I think I've said this before, but the only criterion I have been able to come up with for identifying a great work of art is:
One that possesses more "greatness" than others.


----------



## Captainnumber36 (Jan 19, 2017)

MarkW said:


> I think I've said this before, but the only criterion I have been able to come up with for identifying a great work of art is:
> One that possesses more "greatness" than others.


That implies objectively superior Art when compared with objectively lesser Art which is a concept I don't agree with at all. To me, Art is 100% subjective and personal taste.

All Art has the capacity for having grand effects on it's audience in different AND similar ways depending on the Art and how the individual interprets it and how they utilize it.


----------



## Captainnumber36 (Jan 19, 2017)

Fredx2098 said:


> That's an interesting comparison. You may be misconstruing my use of the word, but I like your thoughts. By unique, I mean something that is unlike anything else or most things (which is my interpretation of what modernism is, which hasn't been refuted yet) which challenges my perception of art (not like a rock labeled as art or feces in a tin can though).


So you want the worlds created by your Art to be highly unlike the majority of what's around in an effort to constantly challenge your perceptions...?


----------



## Fredx2098 (Jun 24, 2018)

Captainnumber36 said:


> So you want the worlds created by your Art to be highly unlike the majority of what's around in an effort to constantly challenge your perceptions...?


That's a good way to put it, though it isn't an effort, it's just what I'm drawn to. I also like art to even be unlike other modern/avant-garde art. For example, atonal music (which I do enjoy) isn't very unique since there are a lot of people who use the technique. Also, it keeps the structure of past music and adds another structure to it. I prefer less-structured art, but not completely structureless. I like deliberate abstraction. Deliberation and abstraction might be good words to add to my list, but abstraction might be included under uniqueness.


----------



## Captainnumber36 (Jan 19, 2017)

I just had another revelation, if ALL art creates a world and getting rid of the pretentious "high class, sophisticated" element, the only thing that matters is if I have feelings for it or not.


----------



## Captainnumber36 (Jan 19, 2017)

Fredx2098 said:


> That's a good way to put it, though it isn't an effort, it's just what I'm drawn to. I also like art to even be unlike other modern/avant-garde art. For example, atonal music (which I do enjoy) isn't very unique since there are a lot of people who use the technique. Also, it keeps the structure of past music and adds another structure to it. I prefer less-structured art, but not completely structureless. I like deliberate abstraction. Deliberation and abstraction might be good words to add to my list, but abstraction might be included under uniqueness.
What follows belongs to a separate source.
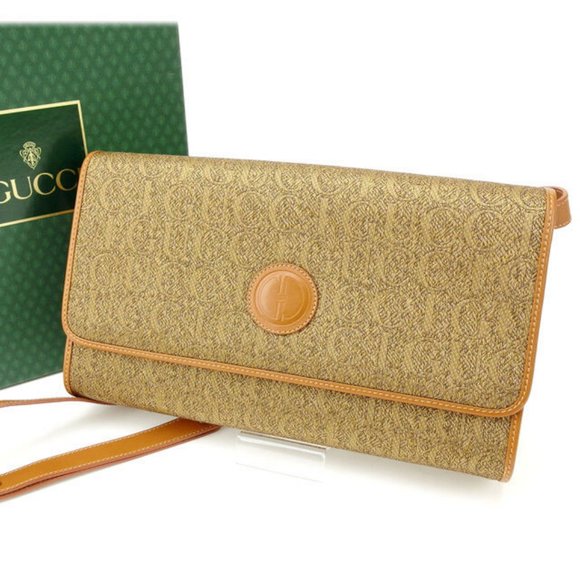 GUCCI LOGO CLUTCH BAG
Everything has the ability to loose it's novelty due to over saturation.


----------



## MarkW (Feb 16, 2015)

Captainnumber36 said:


> That implies objectively superior Art when compared with objectively lesser Art which is a concept I don't agree with at all. To me, Art is 100% subjective and personal taste.
> 
> All Art has the capacity for having grand effects on it's audience in different AND similar ways depending on the Art and how the individual interprets it and how they utilize it.


I have on my refrigerator a family picture one of my grandsons drew and gave me when I was in the rehab center with a broken tib/fib. I love the picture -- more than I love, say, Donatello's David. But there is no one -- including me -- who will say that the Donatello is not the "greater" artwork. Whether that greaterness is subjective or objective, neither I nor anyone else, can say.


----------



## Captainnumber36 (Jan 19, 2017)

MarkW said:


> I have on my refrigerator a family picture one of my grandsons drew and gave me when I was in the rehab center with a broken tib/fib. I love the picture -- more than I love, say, Donatello's David. But there is no one -- including me -- who will say that the Donatello is not the "greater" artwork. Whether that greaterness is subjective or objective, neither I nor anyone else, can say.
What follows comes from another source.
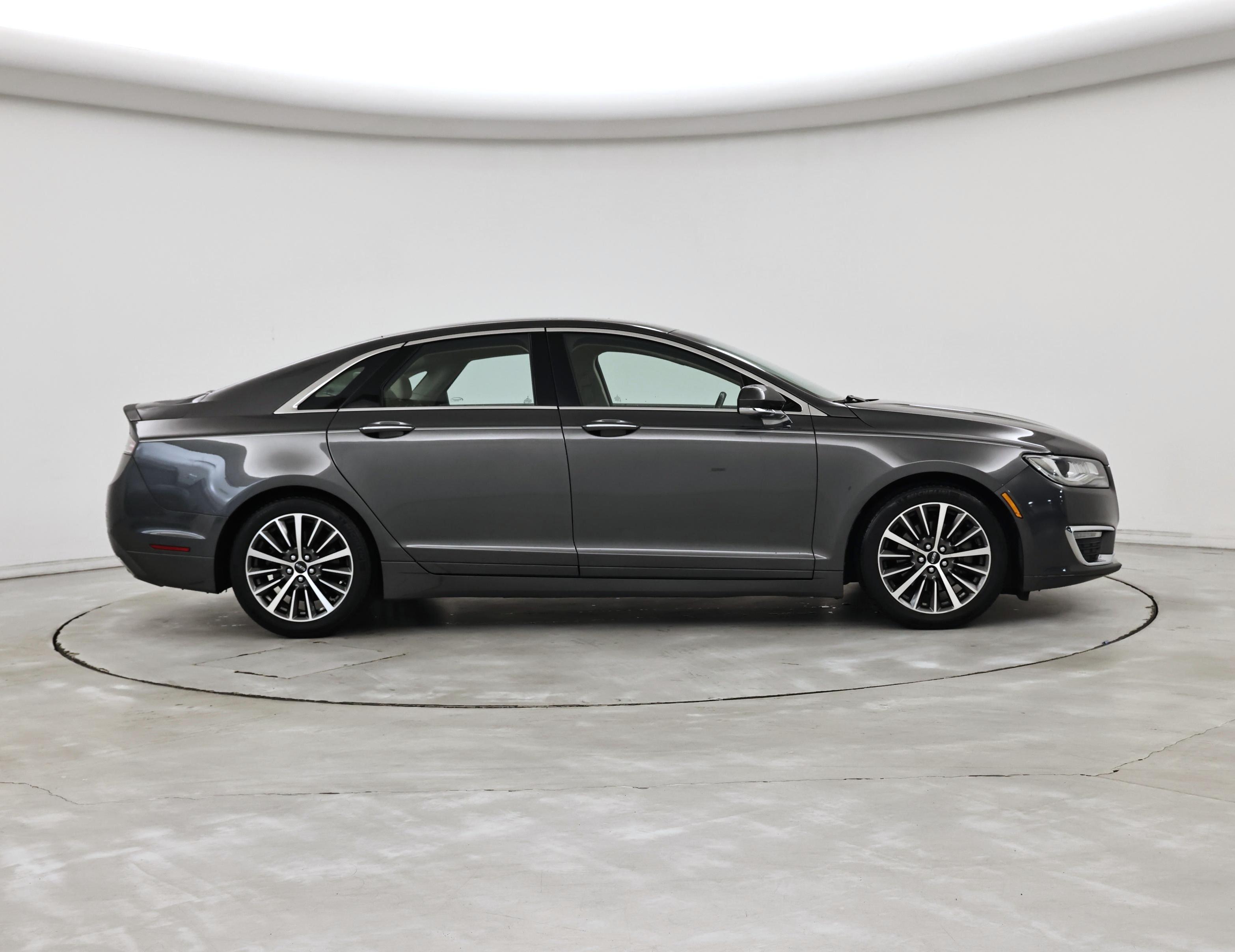 Thumbnail: 2017 Lincoln MKZ - 7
Michaelangelo did the "David" statue. You are denying yourself your taste by saying something you love more is lesser to something you love less.


----------



## Enthusiast (Mar 5, 2016)

Captainnumber36 said:


> Michaelangelo did the "David" statue. You are denying yourself your taste by saying something you love more is lesser to something you love less.


Maybe one of the problems in relying exclusively on your own aesthetic compass is that you can miss a lot of worthwhile stuff, perhaps including Donatello's David:









Very different to Michaelangelo's but also very worthwhile.


----------



## Captainnumber36 (Jan 19, 2017)

Enthusiast said:


> Maybe one of the problems in relying exclusively on your own aesthetic compass is that you can miss a lot of worthwhile stuff, perhaps including Donatello's David:
> 
> View attachment 106724
> 
> ...


I had no idea! Thanks for enlightening me.  (Though, I don't care for it, I prefer the heroic Michelangelo one better)


----------



## MarkW (Feb 16, 2015)

Captainnumber36 said:


> I had no idea! Thanks for enlightening me.  (Though, I don't care for it, I prefer the heroic Michelangelo one better)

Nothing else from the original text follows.